There are too many words for love in Greek, so I won’t list them all here. The one English word, “love”, has too many connotations for me to list. Furthermore, I’m not your dictionary. But I’m sure we both want to know what love means. Obviously, we can’t just prescribe meaning to language. We must describe instead. So, the question is not what is love, but how is the word used?
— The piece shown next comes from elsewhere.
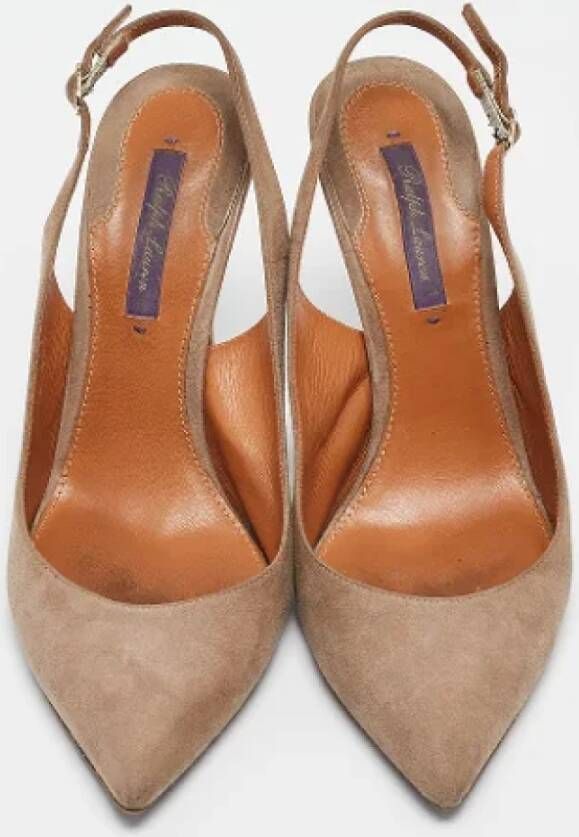 Ralph Lauren Pre-owned Suede heels Brown Dames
Plato wrote a whole dialogue, the Symposium, about just one type of love: eros. This is the love that old ancient Greek men felt for beautiful ancient Greek boys and sometimes for women. In the Symposium, Socrates is called upon to eulogize love and instead philosophizes it. But Socrates is no expert on the subject. He defers to a woman: Diotima. The prophetess unties everything Socrates thinks he knows about love and introduces him to its mysteries. Socrates is no match for Diotima, it is delightful to see him finally bested in dialogue. Love, Diotima and Socrates agree, is desire for beautiful things and ultimately desire for immortality. To be a good lover is to learn to love beautiful mutable boys in the right way so that you can learn to love eternal beauty itself. And from this, with good thoughts and deeds, one can reach towards true immortality. But if love is the lack of something, what happens to me when I get the object of my desire? Well, Plato writes, I become happy. But Plato! It’s Valentine’s day, I am young and foolish. I don’t want to be happy. I want to be in love!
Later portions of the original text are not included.